Xiaomi, a consumer electronics company based in China, teased that they were making such a machine in August. According to the company’s press release, the 5-foot, 8-inch bot, called CyberOne, is probably not intended to be all that useful, IEEE Spectrum reported, but rather it’s “a way of exploring possibilities with technology that may have useful applications elsewhere.” 

As for the robot’s specs, the company said that CyberOne comes with a “depth vision module” as well as an AI interaction algorithm. It can additionally support up to 21 degrees of freedom in motion and has a real-time response speed that “allows it to fully simulate human movements.” 

Xiaomi has just unveiled a new clip of CyberOne, and it’s slowly but aptly playing a multi-instrument drum set.
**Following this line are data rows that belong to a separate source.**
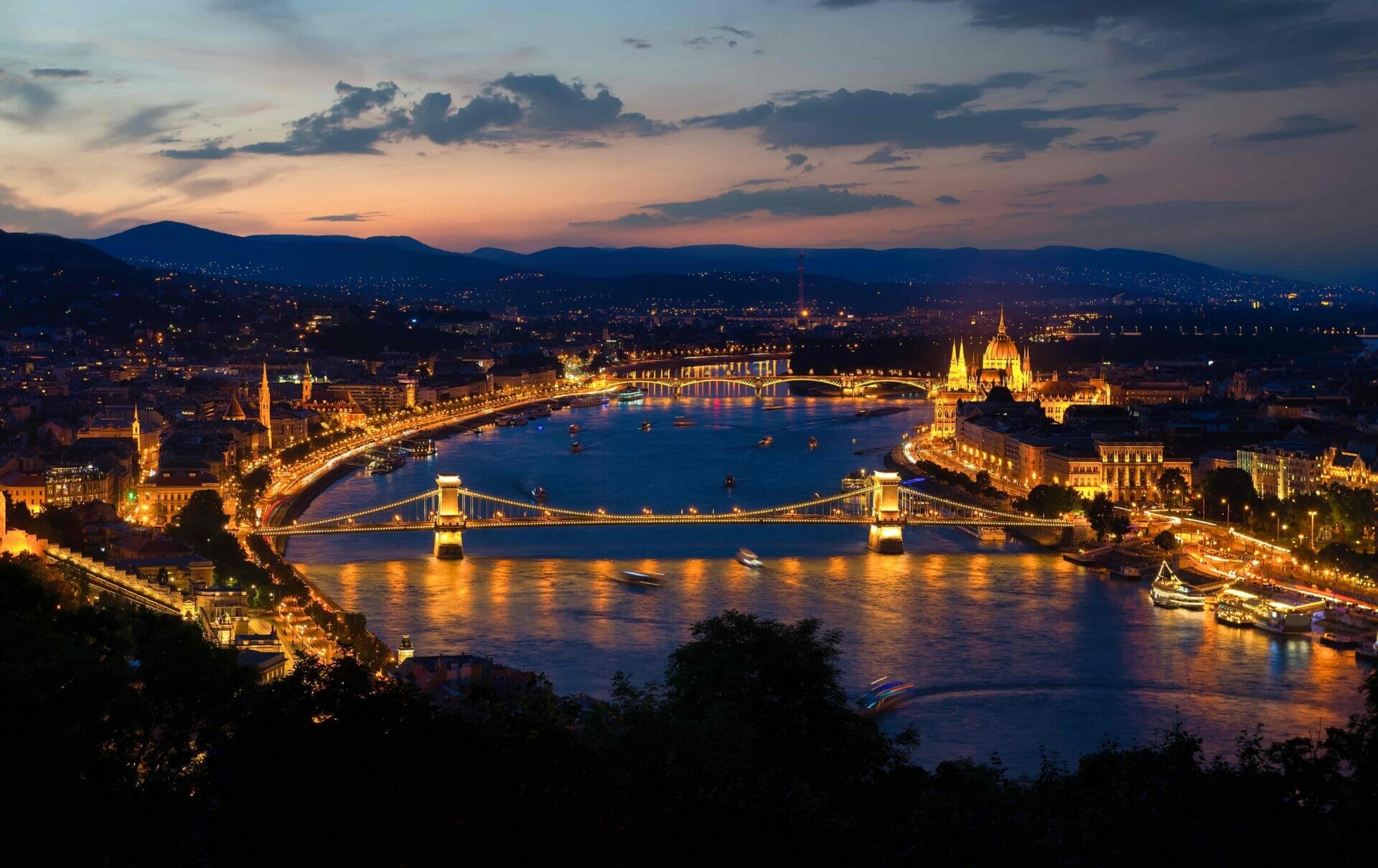 budapest in autumn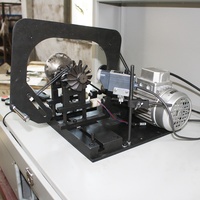 Máquina de Equilibrado Dinámico Portátil, Máquina de Equilibrado Dinámico Universal Horizontal para Rodamientos Rígidos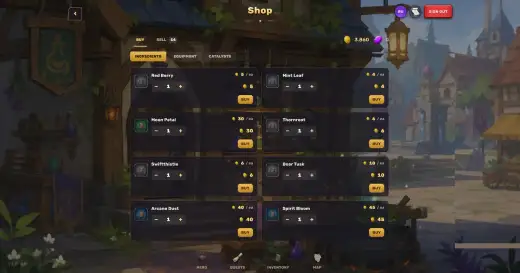 Shop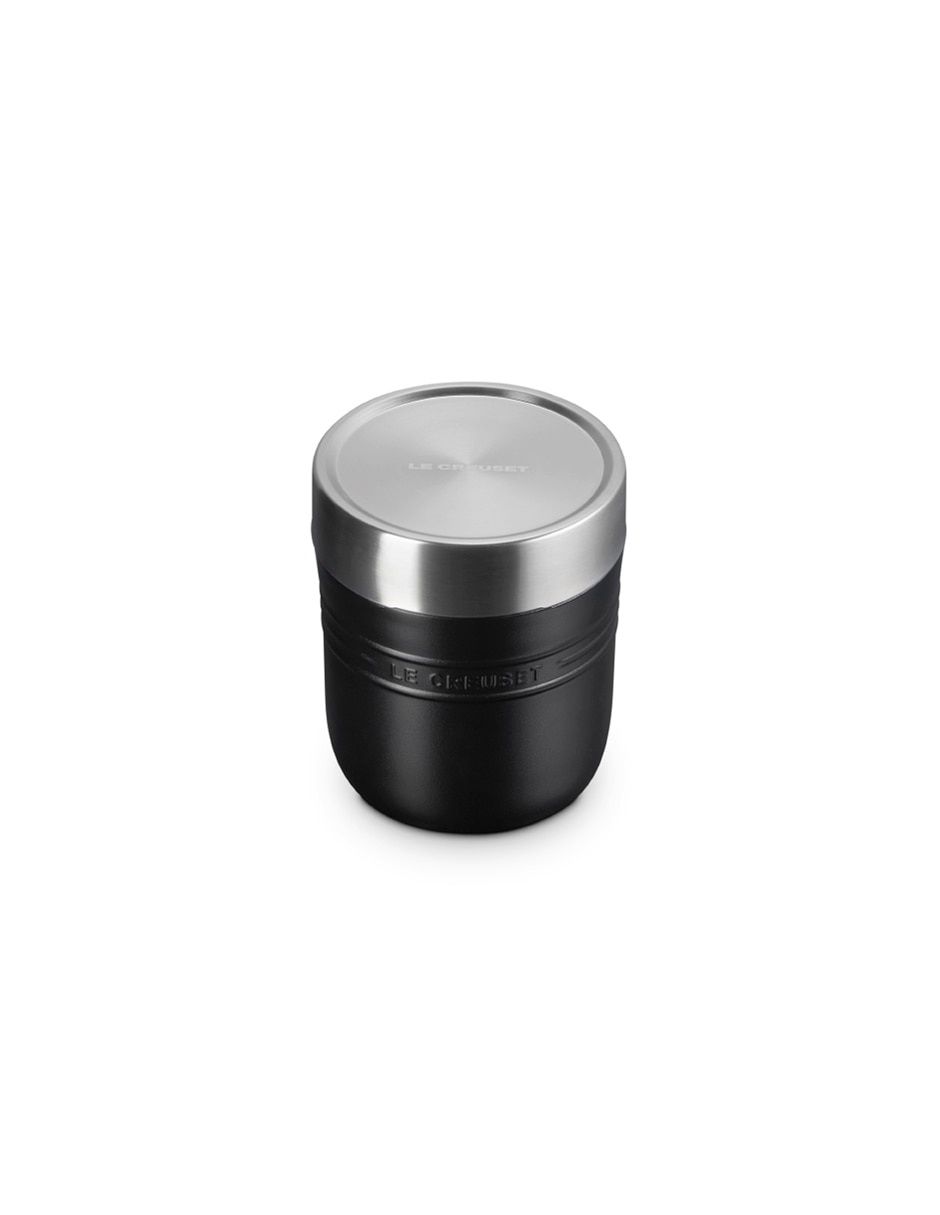 Termo de acero inoxidable con tapa a presión 500 ml 3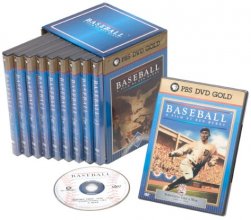 Cover art for Baseball - A Film by Ken Burns [DVD]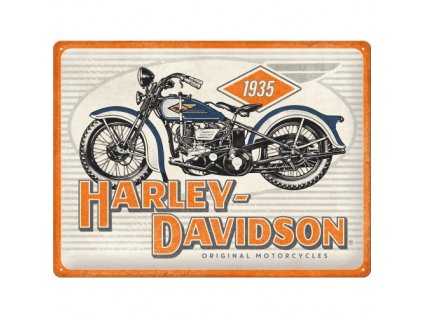 Plechová Cedule Harley-Davidson 1935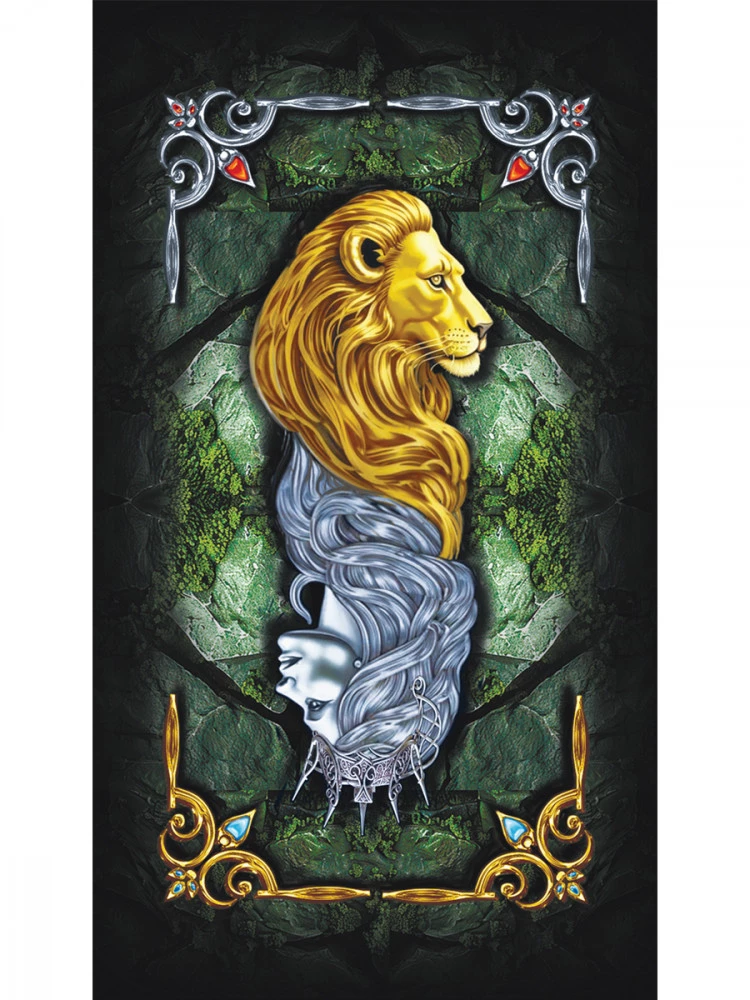 Tarot Kroniki Narnii (78 kart + instrukcja QR)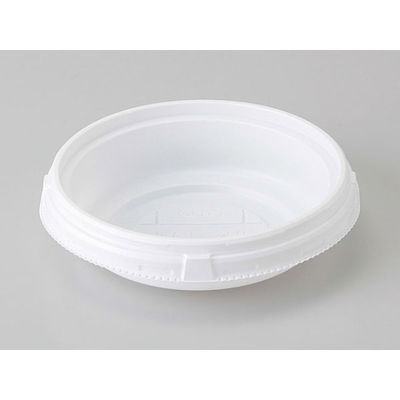 エフピコチューパ RK-140φ白 中皿 CP800539 1ケース(600個(50個×12)（直送品）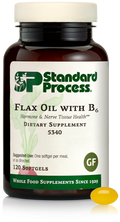 Flax Oil with B6, 120 Softgels Q62093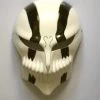 Black Bleach Ichigo Vizored PVC Cosplay Hollow Mask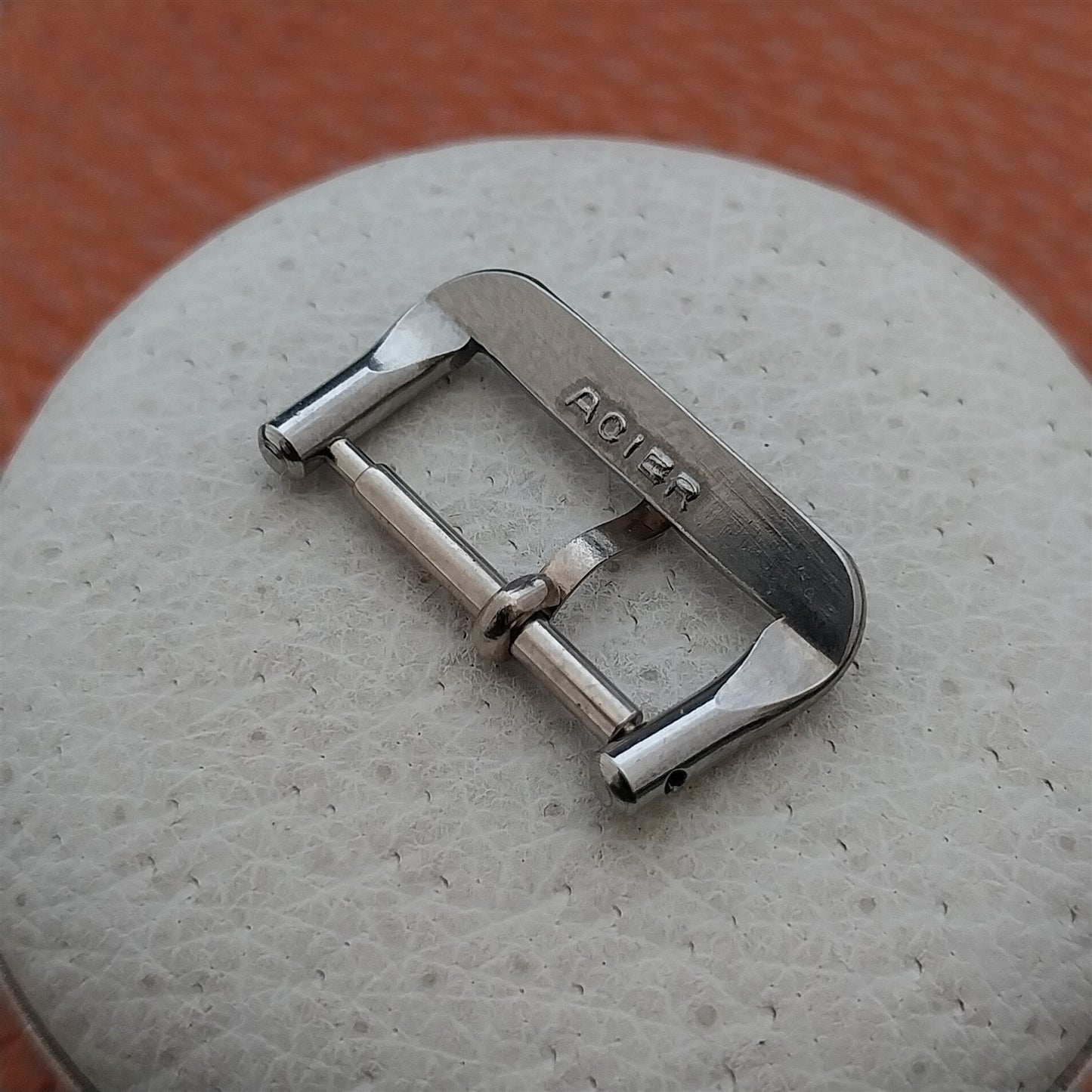 16mm Swiss ACIER Tropic 1960s-70s Unused Diver Vintage Watch Strap Buckle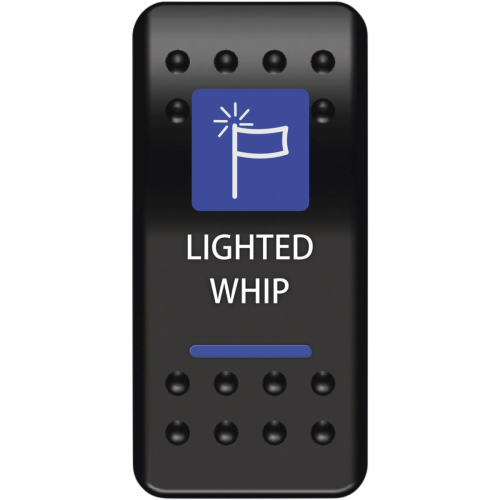 Moose Utility - Moose Utility Rocker Switch - Whip Light (Single Pole, Single Throw) - WHP-PWR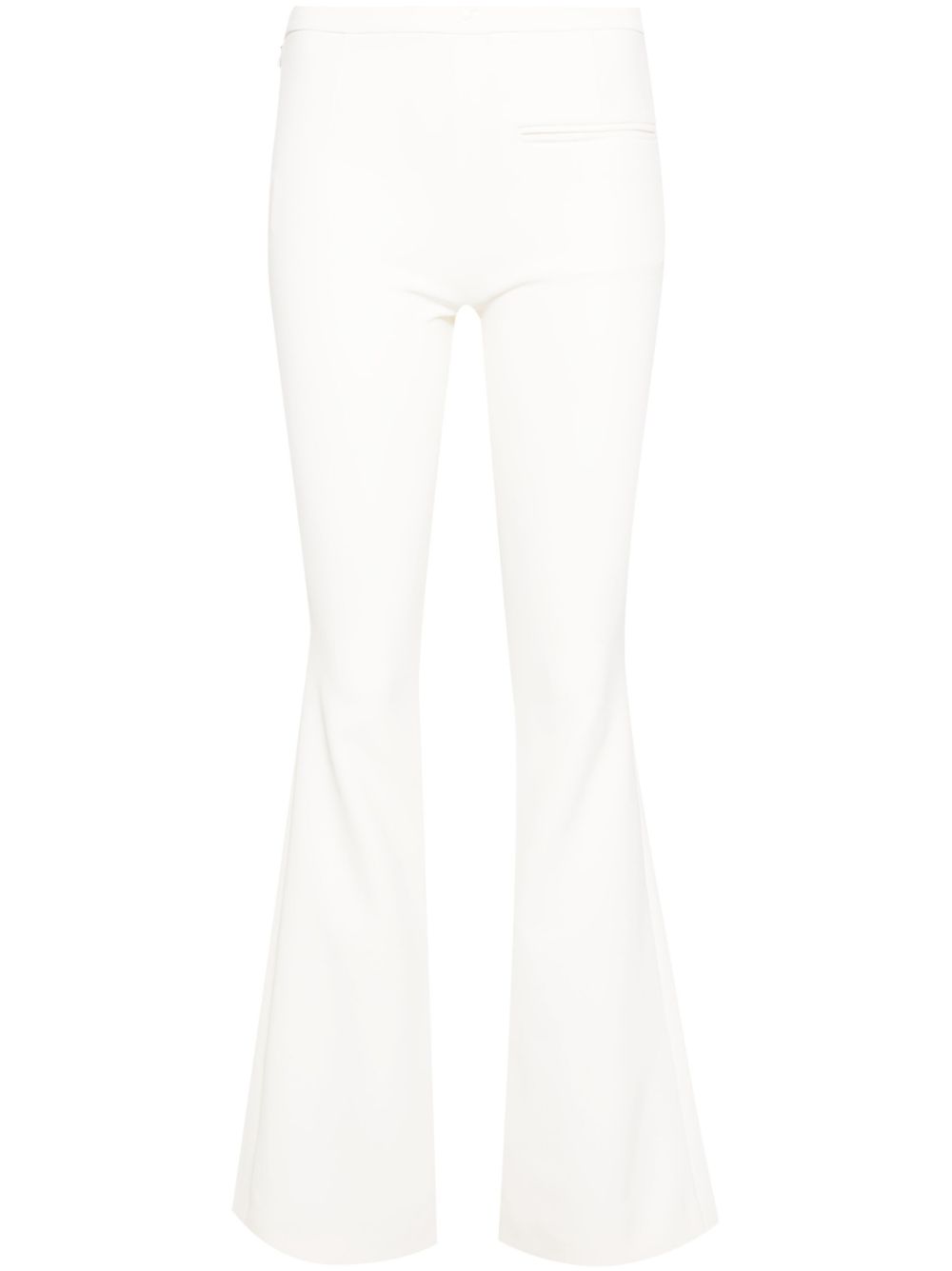 Courrèges Tief sitzende Heritage Hose - Weiß von Courrèges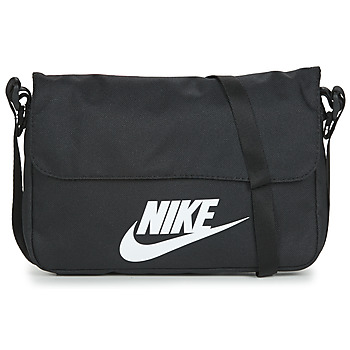 Tassen Schoudertassen met riem Nike NIKE SPORTSWEAR Zwart / Wit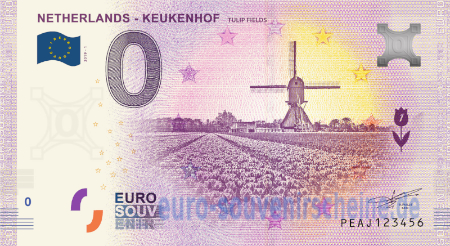 PEAJ-2019-1 NETHERLANDS - KEUKENHOF TULIP FIELDS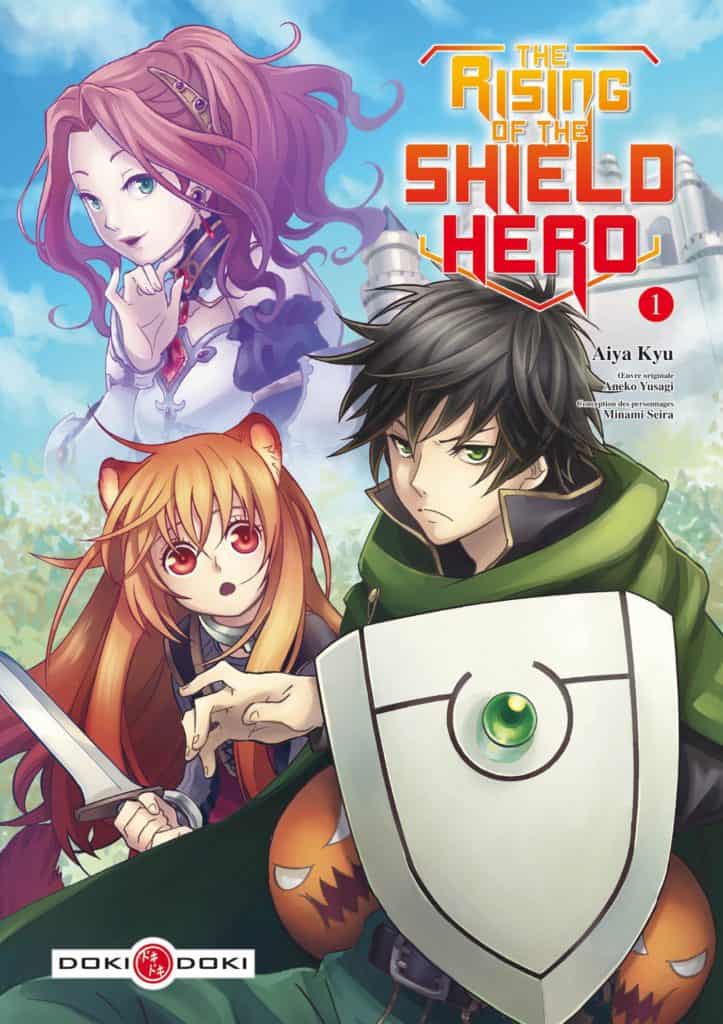 The Rising of the Shield Hero Poster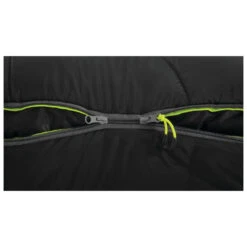 Outwell Cedar Supreme - Kunstfaserschlafsack -Naturnahes Camping outwell cedar supreme kunstfaserschlafsack detail 3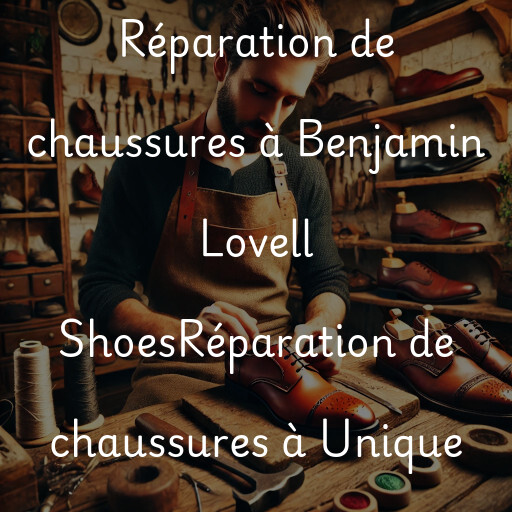 Réparation de chaussures à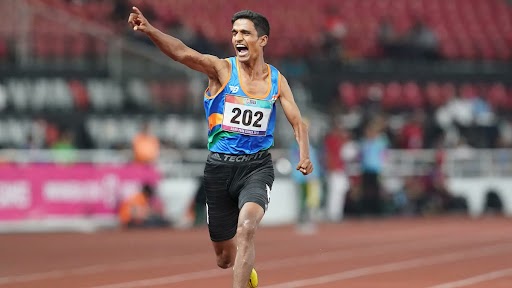 Narayan Thakur Bags Bronze Medal in Men's 200m T35 Event at Asian Para Games 2023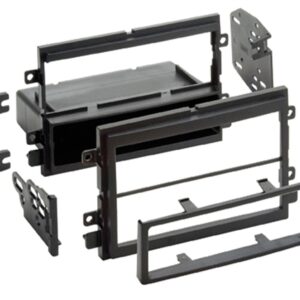 2-DIN Paneel Ford - Mercury Kleur: Zwart (METRA)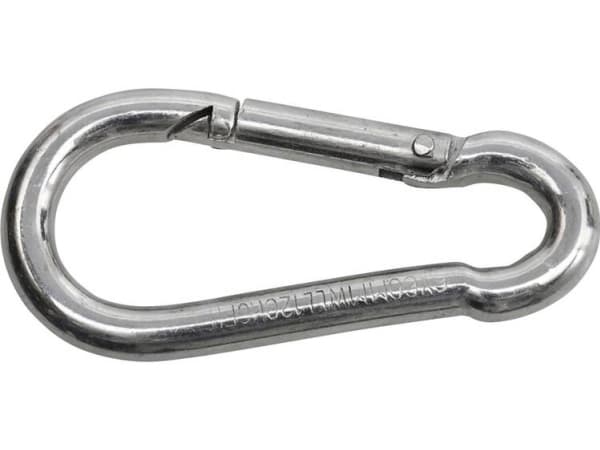 SWG 680 154 851 80 Karabinhager, båndstropper (L x B) 50 mm x 5 mm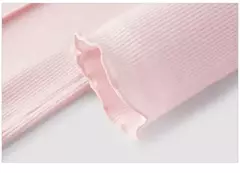 Imagen de Semir-Camiseta de manga corta para mujer, camiseta ajustada diseñada para lucir más delgada, Top con dobladillo de volantes elegante, novedad de otoño 2024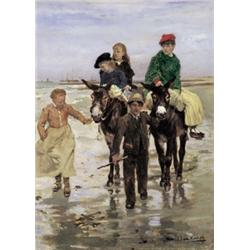 Jan Verhas 1834-1896, Belgische School …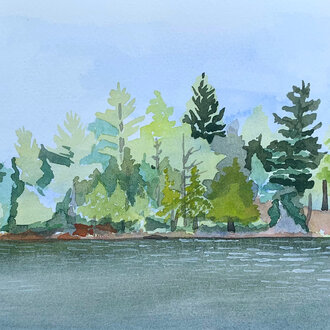 Beginner Watercolour: Painting the Landscape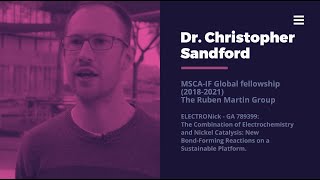 ICIQ MSCActions- Dr. Christopher Sandford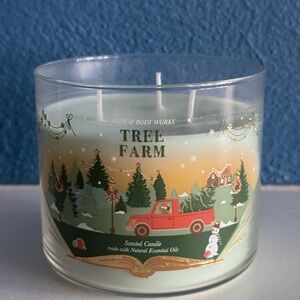 Bath & Body Works Christmas Candle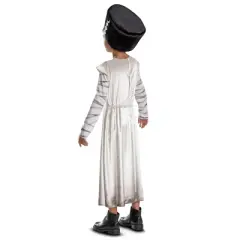 NBCUniversal Studios Monsters Bride of Frankenstein Girls' Classic Costume Dress 4-6x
It’s able to precisely coordinate a series of complex movements including hitting the drumsticks together, tapping the cymbals, foot pedal, and a set of four drums to make a range of sounds. And it’s certainly more elegant and evolved than other, scrappier (and sometimes disembodied) robot bands and orchestras of the past. 

[Related: How Spotify trained an AI to transcribe music]

So how does CyberOne know what to do? Xiaomi made a diagram showing how sound files become movements for CyberOne. First, drum position and strike speed commands are fine-tuned online. Then, these beats are fed to CyberOne via a MIDI file, which tells the computer what instrument was played, what notes were played on the instrument, how loud and how long they were played for, and with which effects, if any. The robot then uses an offline motion library to generate the moves for its performance, being careful to hit the correct instrument and in time. 

Executing instructions concisely and in a controlled, coordinated manner is a difficult exercise even for humans. Humanoid robots are different from regular bots because they’re meant to emulate natural movements, but can often be impractical in a real world setting. They need specialized training to do the simplest functions (like not falling over). A humanoid robot capable of honing in on a skill like playing drums could be useful for a variety of complex tasks that might involve manipulating or interacting with objects in its environment. 

“We are working on the second generation of CyberOne, and hope to further improve its locomotion and manipulation ability,” Zeyu Ren, a senior hardware engineer at the Xiaomi Robotics Lab, told IEEE Spectrum. “On the hardware level, we plan to add more degrees of freedom, integrate self-developed dexterous hands, and add more sensors. On the software level, more robust control algorithms for locomotion and vision will be developed.”